For any credible critique of the movement, the central point of inquiry has to be the role of Mazumdar’s strategies and leadership. There have been critical assessments of Mazumdar as a revolutionary leader, some by his erstwhile comrades. But Ghosh’s critique offers valuable insights into the leader’s persona and style of functioning, while it has no overtones of factional rivalry or personal bitterness. To Ghosh, Mazumdar made the seminal mistake of overemphasizing the line of annihilation of the class enemy and underestimating the importance of mass mobilization. It is a familiar criticism of the Naxalbari movement. But Ghosh makes more fundamental criticisms — “Charu had Mao Zedong’s name always on his lips, while his policies were at complete variance with Mao Zedong’s teachings”.
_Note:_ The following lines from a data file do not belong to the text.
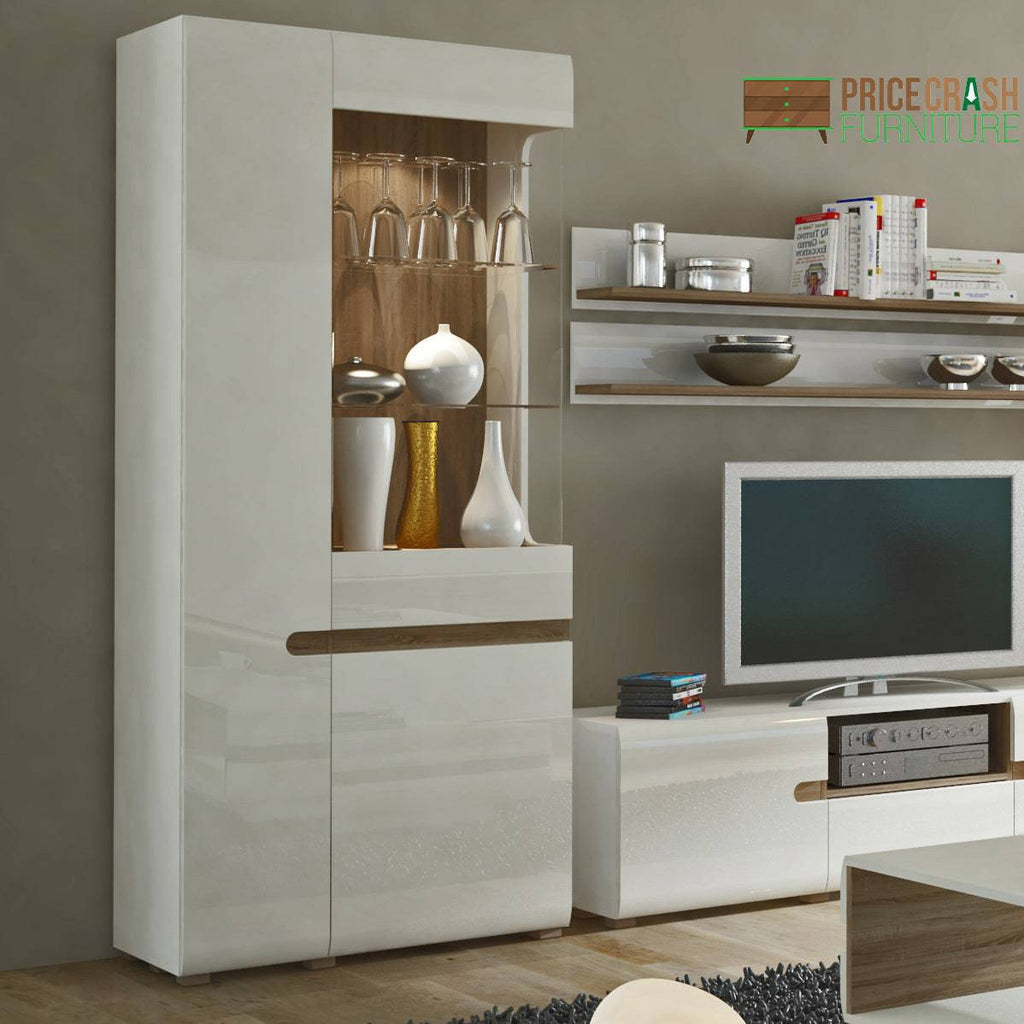 Chelsea Living Tall Glazed Wide Display Unit (LHD) in White Gloss with Truffle Oak - Price Crash Furniture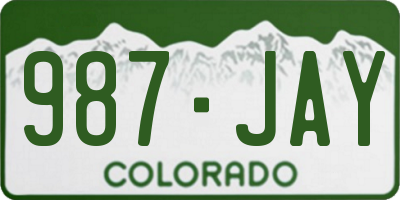 CO license plate 987JAY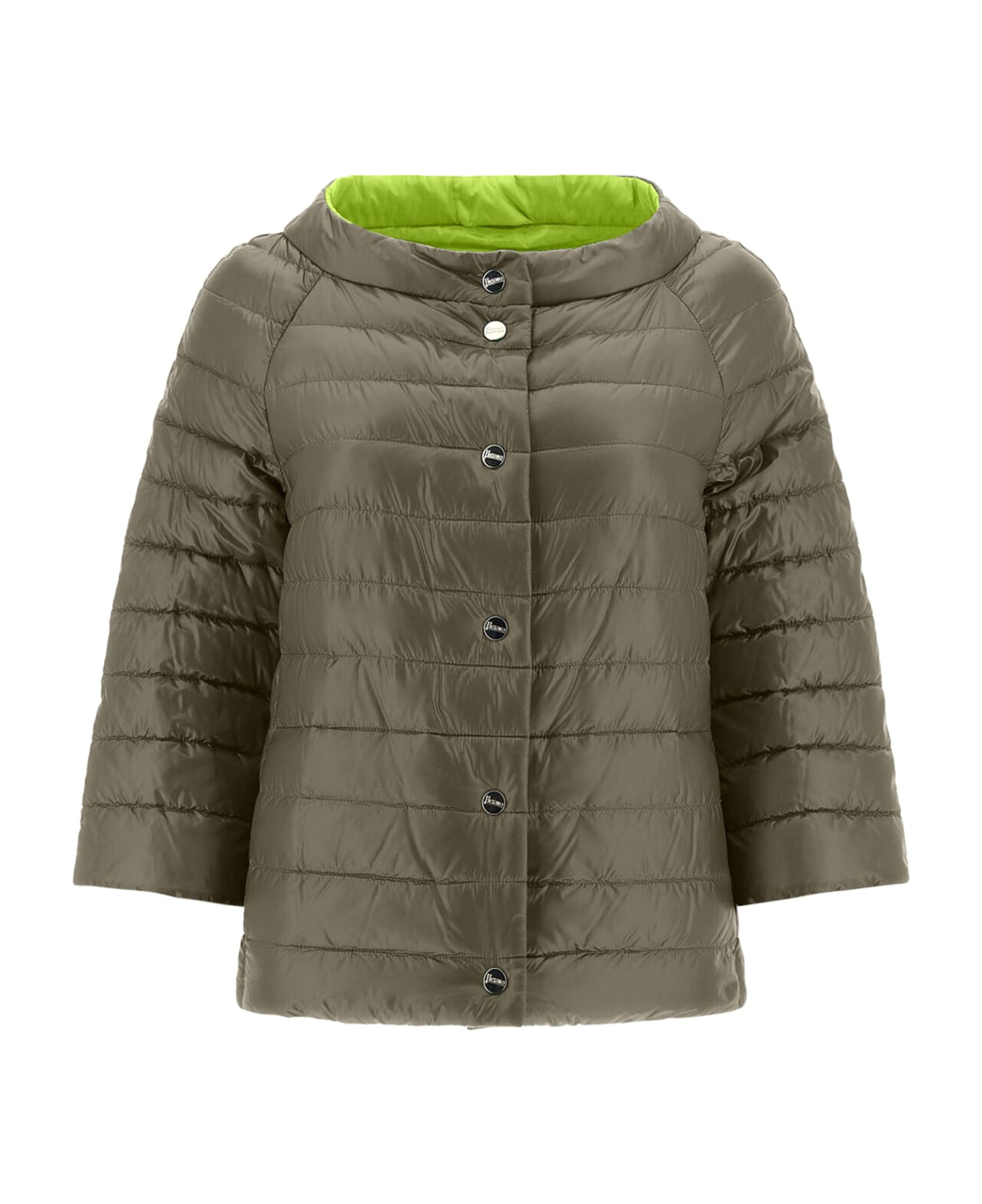 Herno Reversible Two-tone Cape In Ultralight Nylon - MILITARY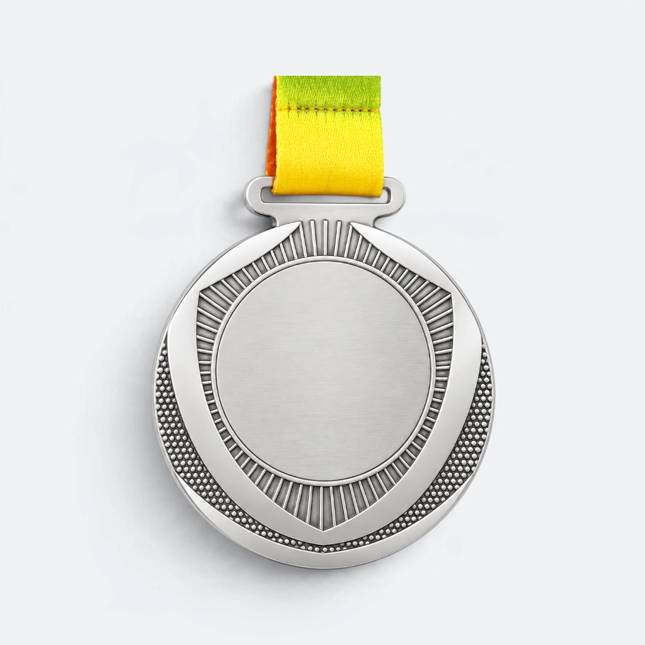 Gmg9349 fluted rim metal medal silver, corporate medal malaysia with custom logo printing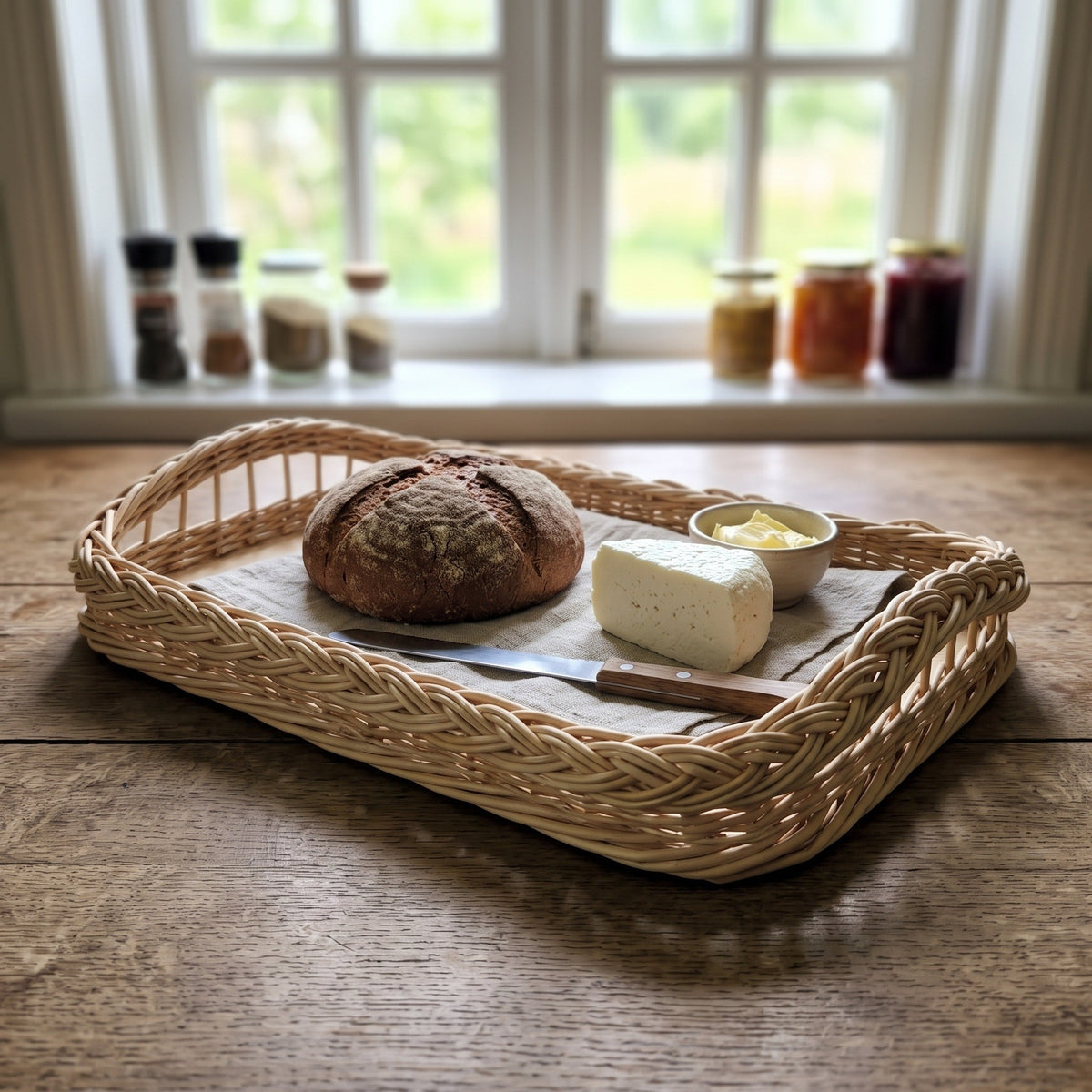 Willow bread serving tray with braided rim holding a loaf of sourdough, butter and a knife on a farmhouse kitchen table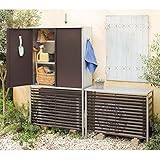 ガルバ製逆ルーバー室外機カバー 収納庫付き ハイ G47805(サイズはありません ア：ダークブラウン)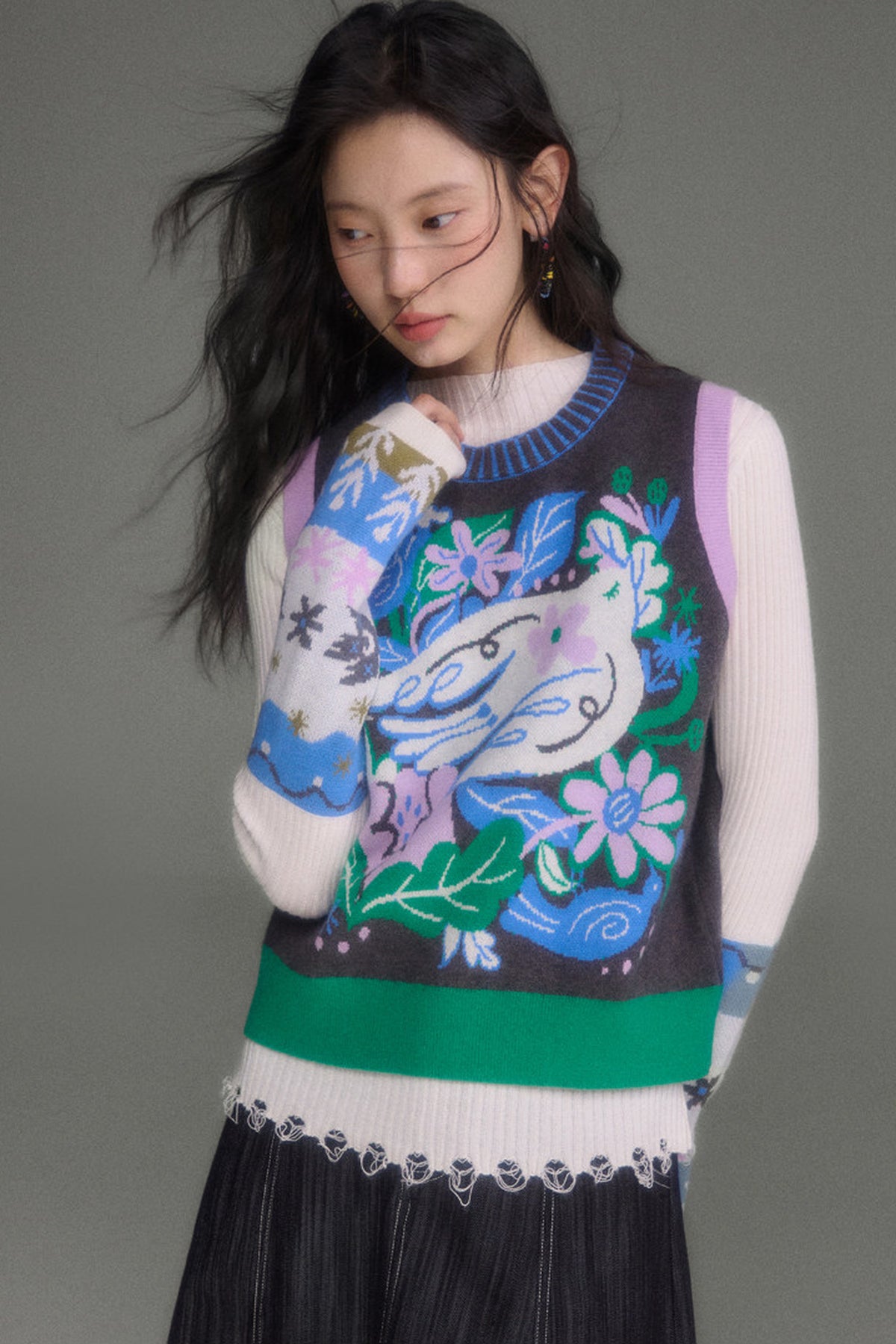 Nightingale Rose Bird Jacquard Knit Cardigan Vest and Skirt Set-Up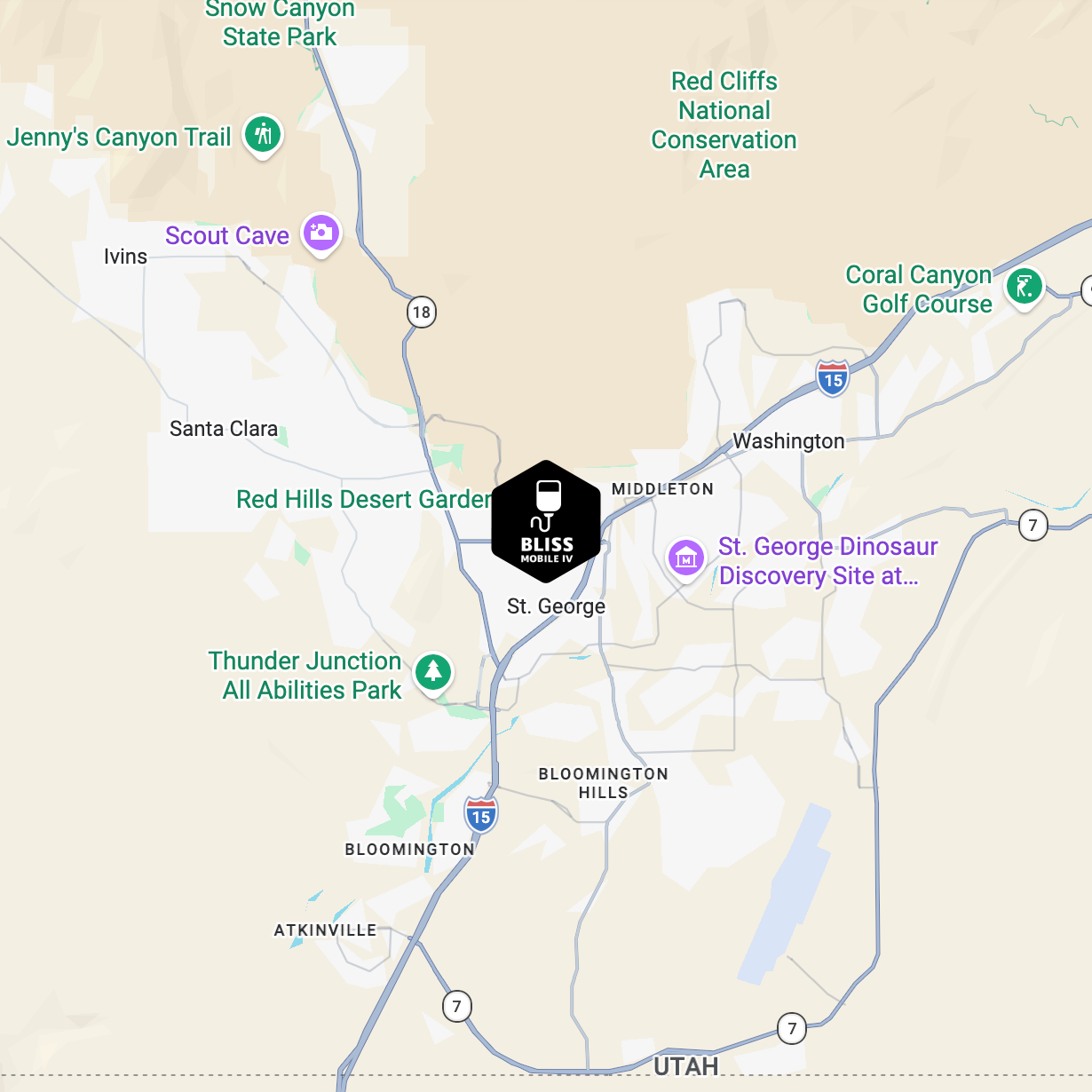 Map showing St. George, Utah area with parks, highways, and nearby landmarks.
Even more damaging is his accusation that Mazumdar suppressed from the party the criticism of his line by Zhou Enlai and Kang Sheng, the two top CPC leaders, when the former’s emissary, Souren Bose, met them in Beijing in mid-1970. Ghosh provides a useful document for future chroniclers of the movement by putting the Chinese criticism in the book’s appendix. The other document — in fact, his other charge that Mazumdar saw himself as the one and only authority in the party — should be familiar stuff to readers of the history of communism.
But for all these criticisms, he remains an admirer of Mazumdar as a communist leader, just as his faith in the “basic line” of the communist revolutionaries — the theory of the armed struggle as opposed to parliamentary democracy — remains unshaken. The book is a big disappointment in that it leaves today’s Maoist rebellion in India completely out. In so many ways other than the invocation to Mao, the current uprising is a continuation of the Naxalbari movement. But this omission takes nothing away from the book’s historical value.